È un uomo invisibile. Potrebbe essere ovunque, adesso. Girovaga per il mondo fondendosi con i muri e i loro graffiti, con le scale di un portico, con i famosi monumenti, con gli iceberg e con gli scaffali del supermercato.

La mostra omonima di Liu Bolin, al Complesso del Vittoriano fino a luglio, è una raccolta fotografica di tutti i suoi lavori, ambientati sia davanti alle vestigia della Storia (“Hiding in the City”), sia nei luoghi più improbabili e meno poetici del mondo (come una discarica, ad esempio).

È cominciato tutto, quando le autorità cinesi hanno demolito il Suojia Village, un villaggio di artisti indipendenti. Bolin, per ribellarsi, è diventato parte delle macerie. Lasciando parlare l’ambiente, critica la velocità del mondo, che distrugge e crea in una corsa instancabile, rischiando di perdere il passato e di dimenticare le cose più comuni che ci circondano. Perché? 

“L’uomo non è un animale perché non sa proteggere se stesso”, mimetizzandosi come i camaleonti: non sa proteggere i propri pensieri e idee, non pensa più a sopravvivere.
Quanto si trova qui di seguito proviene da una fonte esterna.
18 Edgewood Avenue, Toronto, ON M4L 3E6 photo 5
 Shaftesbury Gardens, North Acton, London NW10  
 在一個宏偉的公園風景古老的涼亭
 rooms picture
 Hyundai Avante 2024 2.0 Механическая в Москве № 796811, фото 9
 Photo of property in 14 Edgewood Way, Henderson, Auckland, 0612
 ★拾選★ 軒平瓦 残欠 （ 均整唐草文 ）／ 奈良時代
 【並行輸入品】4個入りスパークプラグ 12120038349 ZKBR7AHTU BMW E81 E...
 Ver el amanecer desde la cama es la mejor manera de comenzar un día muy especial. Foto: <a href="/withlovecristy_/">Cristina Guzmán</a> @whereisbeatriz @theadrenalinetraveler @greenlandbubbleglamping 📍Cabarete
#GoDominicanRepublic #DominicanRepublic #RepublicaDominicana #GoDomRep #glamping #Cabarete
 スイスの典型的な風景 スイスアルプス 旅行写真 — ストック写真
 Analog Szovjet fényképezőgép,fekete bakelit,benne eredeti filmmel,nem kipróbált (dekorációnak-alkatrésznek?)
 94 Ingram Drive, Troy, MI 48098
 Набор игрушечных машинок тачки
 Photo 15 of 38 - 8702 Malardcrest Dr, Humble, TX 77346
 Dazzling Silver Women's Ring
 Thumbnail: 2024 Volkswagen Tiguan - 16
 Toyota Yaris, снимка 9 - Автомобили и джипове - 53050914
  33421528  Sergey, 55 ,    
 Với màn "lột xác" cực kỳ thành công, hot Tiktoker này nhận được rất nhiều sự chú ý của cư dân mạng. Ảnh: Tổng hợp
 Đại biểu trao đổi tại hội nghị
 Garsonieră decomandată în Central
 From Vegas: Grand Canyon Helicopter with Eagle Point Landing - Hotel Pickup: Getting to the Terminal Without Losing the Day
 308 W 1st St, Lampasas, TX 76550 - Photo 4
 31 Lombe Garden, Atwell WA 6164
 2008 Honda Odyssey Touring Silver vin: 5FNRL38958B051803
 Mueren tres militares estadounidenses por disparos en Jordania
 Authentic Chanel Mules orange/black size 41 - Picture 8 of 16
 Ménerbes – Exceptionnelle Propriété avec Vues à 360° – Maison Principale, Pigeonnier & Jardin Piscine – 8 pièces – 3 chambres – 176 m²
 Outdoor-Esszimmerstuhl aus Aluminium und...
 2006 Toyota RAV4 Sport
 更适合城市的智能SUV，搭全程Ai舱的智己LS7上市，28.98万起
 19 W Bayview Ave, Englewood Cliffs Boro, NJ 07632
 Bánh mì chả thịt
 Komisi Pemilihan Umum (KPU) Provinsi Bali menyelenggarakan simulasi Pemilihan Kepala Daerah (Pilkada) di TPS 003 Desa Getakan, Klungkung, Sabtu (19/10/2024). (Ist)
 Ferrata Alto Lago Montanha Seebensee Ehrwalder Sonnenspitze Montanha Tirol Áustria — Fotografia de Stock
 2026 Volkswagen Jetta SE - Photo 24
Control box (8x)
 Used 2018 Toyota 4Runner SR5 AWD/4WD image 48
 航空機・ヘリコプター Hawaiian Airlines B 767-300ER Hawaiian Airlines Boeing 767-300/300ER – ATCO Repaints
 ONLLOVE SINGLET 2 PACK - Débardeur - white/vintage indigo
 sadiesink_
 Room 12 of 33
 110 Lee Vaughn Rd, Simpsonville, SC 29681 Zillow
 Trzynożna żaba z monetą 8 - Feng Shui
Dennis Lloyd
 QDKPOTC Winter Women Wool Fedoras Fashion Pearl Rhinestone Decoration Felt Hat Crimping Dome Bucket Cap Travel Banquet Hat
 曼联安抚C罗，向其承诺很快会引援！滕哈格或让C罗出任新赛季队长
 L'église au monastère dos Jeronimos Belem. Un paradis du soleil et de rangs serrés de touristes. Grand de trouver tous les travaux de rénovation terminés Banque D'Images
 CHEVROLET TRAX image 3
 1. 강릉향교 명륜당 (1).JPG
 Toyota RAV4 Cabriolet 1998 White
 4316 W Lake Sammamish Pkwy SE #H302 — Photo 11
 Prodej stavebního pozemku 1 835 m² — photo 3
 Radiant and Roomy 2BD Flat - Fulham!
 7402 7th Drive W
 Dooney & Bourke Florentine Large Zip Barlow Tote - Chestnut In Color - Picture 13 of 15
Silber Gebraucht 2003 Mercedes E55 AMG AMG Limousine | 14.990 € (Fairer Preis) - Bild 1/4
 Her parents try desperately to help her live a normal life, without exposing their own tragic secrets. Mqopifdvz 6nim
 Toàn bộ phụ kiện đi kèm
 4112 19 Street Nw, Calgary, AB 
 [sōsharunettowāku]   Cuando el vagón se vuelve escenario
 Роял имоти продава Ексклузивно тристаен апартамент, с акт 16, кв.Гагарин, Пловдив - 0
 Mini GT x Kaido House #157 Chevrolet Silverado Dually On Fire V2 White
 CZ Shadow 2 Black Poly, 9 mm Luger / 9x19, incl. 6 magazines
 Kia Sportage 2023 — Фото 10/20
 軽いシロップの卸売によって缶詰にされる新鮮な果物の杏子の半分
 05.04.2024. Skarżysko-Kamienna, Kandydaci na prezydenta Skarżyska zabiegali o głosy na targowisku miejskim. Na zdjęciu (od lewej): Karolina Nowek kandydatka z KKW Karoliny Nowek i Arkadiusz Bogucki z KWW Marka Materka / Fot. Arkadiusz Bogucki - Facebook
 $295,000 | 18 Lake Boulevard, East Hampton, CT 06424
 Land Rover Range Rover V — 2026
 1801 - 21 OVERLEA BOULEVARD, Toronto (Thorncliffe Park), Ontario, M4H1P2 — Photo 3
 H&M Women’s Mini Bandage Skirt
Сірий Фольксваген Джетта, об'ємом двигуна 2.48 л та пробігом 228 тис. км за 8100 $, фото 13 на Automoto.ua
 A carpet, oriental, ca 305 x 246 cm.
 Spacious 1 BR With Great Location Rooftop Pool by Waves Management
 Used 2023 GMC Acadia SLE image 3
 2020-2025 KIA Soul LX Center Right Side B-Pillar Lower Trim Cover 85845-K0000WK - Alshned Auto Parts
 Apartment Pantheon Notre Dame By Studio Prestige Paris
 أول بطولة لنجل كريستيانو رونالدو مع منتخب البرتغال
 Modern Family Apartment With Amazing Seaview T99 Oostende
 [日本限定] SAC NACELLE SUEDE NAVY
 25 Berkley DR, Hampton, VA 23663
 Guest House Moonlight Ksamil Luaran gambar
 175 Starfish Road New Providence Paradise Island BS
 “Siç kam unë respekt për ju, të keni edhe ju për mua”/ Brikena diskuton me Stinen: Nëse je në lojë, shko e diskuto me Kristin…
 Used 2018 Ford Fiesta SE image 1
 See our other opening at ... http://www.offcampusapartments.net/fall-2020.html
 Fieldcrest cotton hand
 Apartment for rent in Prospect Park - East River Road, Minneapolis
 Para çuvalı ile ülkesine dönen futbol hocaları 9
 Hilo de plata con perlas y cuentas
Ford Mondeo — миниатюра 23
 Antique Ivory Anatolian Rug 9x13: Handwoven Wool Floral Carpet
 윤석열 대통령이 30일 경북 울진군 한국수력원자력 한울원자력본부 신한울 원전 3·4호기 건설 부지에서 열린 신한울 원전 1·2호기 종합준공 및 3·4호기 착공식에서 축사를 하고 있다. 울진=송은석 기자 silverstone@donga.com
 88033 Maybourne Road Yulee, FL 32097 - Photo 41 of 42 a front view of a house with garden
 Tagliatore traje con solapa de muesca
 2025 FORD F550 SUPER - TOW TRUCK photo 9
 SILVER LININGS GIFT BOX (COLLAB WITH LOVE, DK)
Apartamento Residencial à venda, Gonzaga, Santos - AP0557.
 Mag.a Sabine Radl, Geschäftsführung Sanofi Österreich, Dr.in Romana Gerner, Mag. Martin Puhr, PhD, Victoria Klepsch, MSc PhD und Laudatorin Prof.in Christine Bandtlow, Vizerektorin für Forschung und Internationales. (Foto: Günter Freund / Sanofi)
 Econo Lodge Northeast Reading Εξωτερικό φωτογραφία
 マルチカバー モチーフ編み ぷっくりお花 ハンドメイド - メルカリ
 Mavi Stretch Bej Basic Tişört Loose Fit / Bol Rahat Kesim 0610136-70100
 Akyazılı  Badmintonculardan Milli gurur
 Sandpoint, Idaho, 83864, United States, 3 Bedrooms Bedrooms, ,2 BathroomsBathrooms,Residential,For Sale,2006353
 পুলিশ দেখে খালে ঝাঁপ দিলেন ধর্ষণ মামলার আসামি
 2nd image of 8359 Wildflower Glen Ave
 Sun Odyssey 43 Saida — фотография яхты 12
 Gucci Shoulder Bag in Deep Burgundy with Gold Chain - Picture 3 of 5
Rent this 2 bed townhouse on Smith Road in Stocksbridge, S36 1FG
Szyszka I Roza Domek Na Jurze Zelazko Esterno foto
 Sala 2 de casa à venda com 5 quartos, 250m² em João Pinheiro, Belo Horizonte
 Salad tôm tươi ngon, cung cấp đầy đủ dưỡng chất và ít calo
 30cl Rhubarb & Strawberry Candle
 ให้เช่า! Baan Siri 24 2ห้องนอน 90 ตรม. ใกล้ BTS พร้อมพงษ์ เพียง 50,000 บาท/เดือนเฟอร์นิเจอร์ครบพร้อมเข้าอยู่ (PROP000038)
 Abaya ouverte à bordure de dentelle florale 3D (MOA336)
E le cose che tendiamo a trascurare hanno un’anima, qualcosa da raccontare lasciata da qualcuno prima di noi. Ovviamente, ogni opera ha un significato aperto ed interpretabile, ma c’è qualcosa che le accomuna tutte. Qualcosa che ha a che fare con la nostra umanità, il nostro essere unici, e il nostro desiderio di risalire dalla fossa in cui stiamo sprofondando.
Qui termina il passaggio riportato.